The CEO added that uninterrupted supply is possible to maintain as long as there is no hoarding and deflection. The new system, he said has been designed to prevent hoarding and to enhance equitable distribution of natural resources. “Under the old system, if we give approval to all the clients based on their demand, the stock would not last even a month,” he said.
Sonam Wangchuk said NRDCL is planning to procure sieving machines to deliver quality sand. But the cost might increase by Nu 22-25 a cubic meter, as it entails investment. However, the customers will be given options on the quality.
“We want to supply as much as possible because it is not only revenue for us but the deposit will be washed away during monsoon,” the CEO said. He said that a stockyard has been planned in Thimphu but land scarcity is an issue.
For, Kezang Dorji, who is constructing a private building in Thimphu, two trips a week is more than enough for a small site like his. “It may not be enough for bigger sites and allocating based on the size is acceptable,” he said.
However, short supply of sand is a problem for him. He said that during such times, labourers, whose work permit is limited, run out of work. The immigration department, he said won’t allow renewal easily and out of desperation, clients like him wont mind paying the truckers Nu 25,000 for a truck load.
Hoarding, he said, is a result of desperate people saving sand for rainy days. “Owners should not be answerable for hoarding, but the company and site inspectors should be,” he said. Another contractor said that NRDCL has been giving approval even after a construction is completed.
One contractor from Paro said that old system gave room for hoarding and deflection. However, he said that under the new system he has to travel every week to Thimphu to get approval.
The chairman of the NRDCL board, Dasho Karma W Penjor said that it is because of these reasons that the new system is being put in place. “It should be done 10 years ago,” he said.
For uninterrupted supply, he said, the NRDCL is exploring other sources, as the deposit in Tshokana, Wangdue, which is one of the major sources, will not be able to meet every demand.
He said that harvesting sites in Phuentsholing, Gelephu and Waklaytar areas in Tsirang has been identified and preliminary works are on going.
On consumers explaining about the hassles in coming all the way to Thimphu every week to get an approval for sand, the chairman asked the NRDCL management to look into the possibility of issuing permits on a monthly basis.
For instance, for a new construction and depending on the size of the building, he said approvals for first three to four months could be given in one go.
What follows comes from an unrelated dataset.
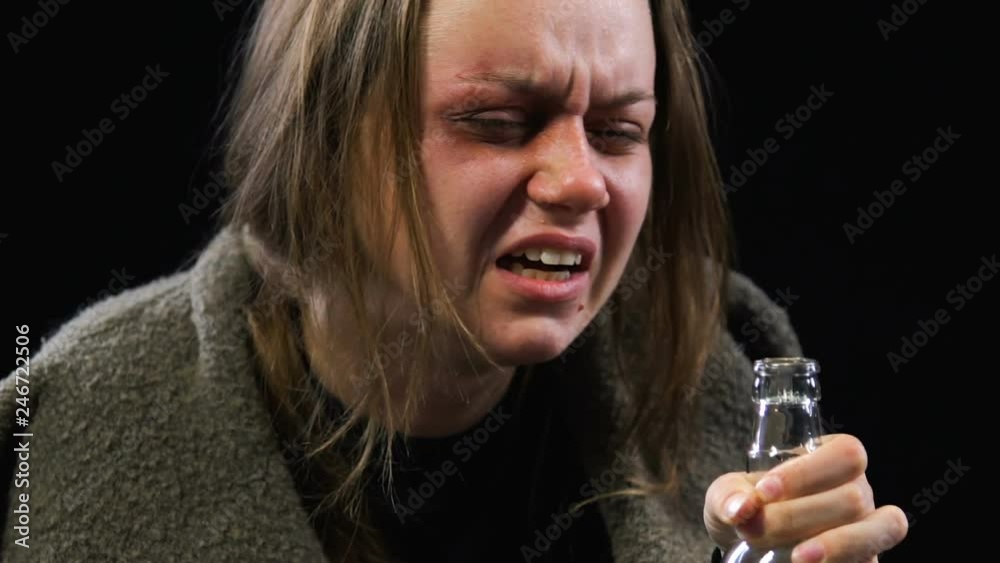 Stressed woman drinking vodka crying for resentment and grief, hopelessness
But this, he said cannot be done for all as people will seek approval even after completion of the construction and could again lead to hoarding.
The new system, he said will bring about transparency and predictability in sand price. “Unless the government announces major fuel price revision, the transportation cost is not going to change throughout,” he said.
In doing so, he said the NRDCL is taking a risk in ensuring that transportation is available at all times. “Should there be shortage of trucks and changes in rate, the NRDCL will have to bear it,” Dasho Karma W Penjor said.